On Mon, Nov 23, 2009 at 7:41 AM, Julian Reschke <julian.reschke@gmx.de> wrote:
> Adam Barth wrote:
>> On Mon, Nov 23, 2009 at 7:25 AM, Julian Reschke <julian.reschke@gmx.de>
>> wrote:
>>> Adam Barth wrote:
>>>> Unfortunately, a browser's content sniffing algorithm is a subtle
>>>> beast.  I would not recommend changing the algorithm because of
>>>> aesthetics.  Instead, I recommend changing the algorithm either (1) to
>>>> improve security, (2) to improve compatibility with web content, or
>>>> (3) to improve interoperability with other browsers.
>>>> ...
>>>
>>> (2) and (3) seem to be arguments in favor of handling the UTF-8 BOM.
>>
>> Maybe, but maybe not.  For (2), we should do a careful measurement
>> instead of relying on this one anecdote.  For (3), there's no way to
>> chase IE's tail here without giving up on (1).  Instead, I've
>
> But IE is consistent with Safari and Opera here, isn't it?

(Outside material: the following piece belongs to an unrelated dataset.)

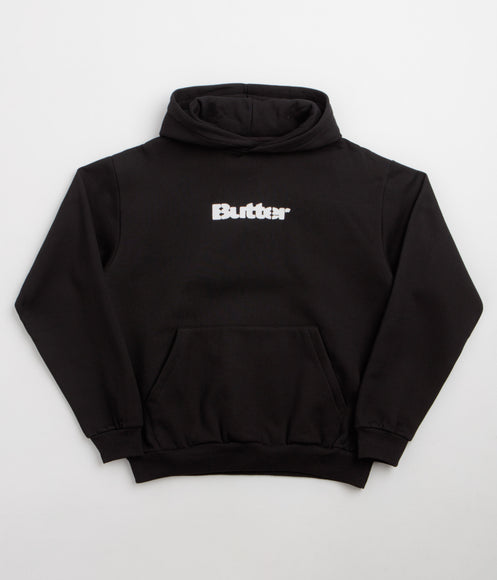 Butter Goods Stencil Logo Hoodie - Black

Yes.  Both IE and Safari both use an insecure HTML signature.  I
haven't studied Opera's sniffing algorithm in detail.

>> recommended in the past (and continue to recommend) that other
>> browsers use Firefox's HTML signature (with a handful of changes that
>> measurability improve compatibility).
>> ...
>
> I do agree that minimizing sniffing is a good thing when the server
> indicates a media type. However, in this case, the server did not do that,
> and ignoring a UTF-8-BOM appears to be the wrong thing to do in this case.

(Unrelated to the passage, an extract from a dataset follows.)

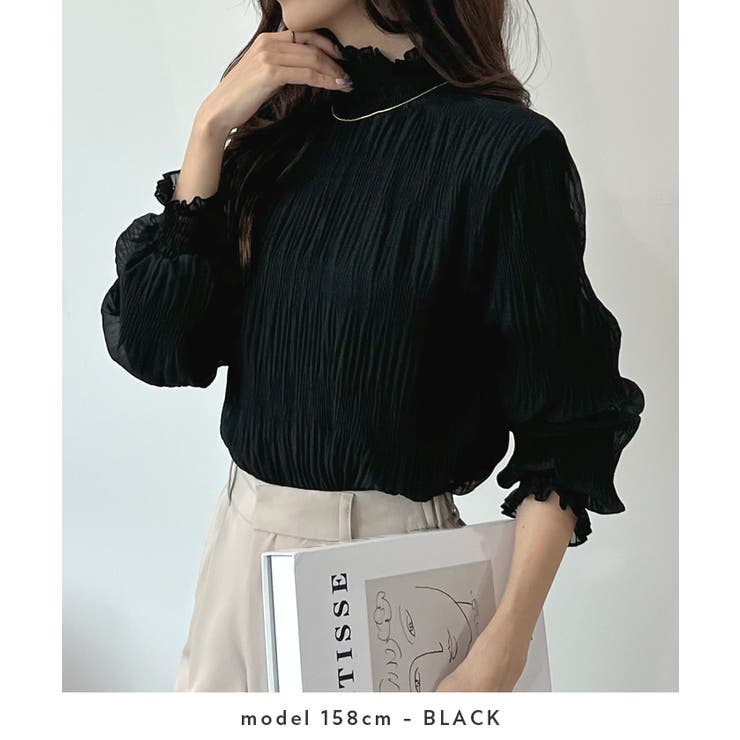 着る毛布の暖かさ。裏起毛ギャザートップス | futier land | 詳細画像6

Whether we should change the sniffing algorithm in this way is purely
a quantitative question.  Is the compatibility we gain worth the
security and stability costs.  From this one example, we can't
estimate what the compatibility gain is.  As I've said a number of
times on this thread, we'd have to measure to find out.

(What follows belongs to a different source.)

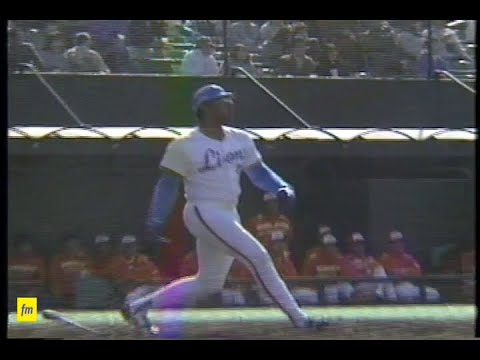 プロ野球ニュース　西武 vs 日ハム 1990　オープン戦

To be more concrete, consider the question of whether the algorithm
should tolerate leading whitespace before the first HTML tag in the
HTML signature.  It turns out that this causes the HTML signature to
trigger 9% more often, which is a measurable gain in compatibility
for, IMHO, a small loss in security.  I suspect, although I haven't
measured, that tolerating BOMs will be at least one or two orders of
magnitude less important.

At a higher level, my numerical goals for the content sniffing
algorithm are that it is compatible with between 99.99% and 99.999% of
web pages.  Does this issue occur on more than 1 out of every 100,000
web pages?  1 out of every 1,000,000?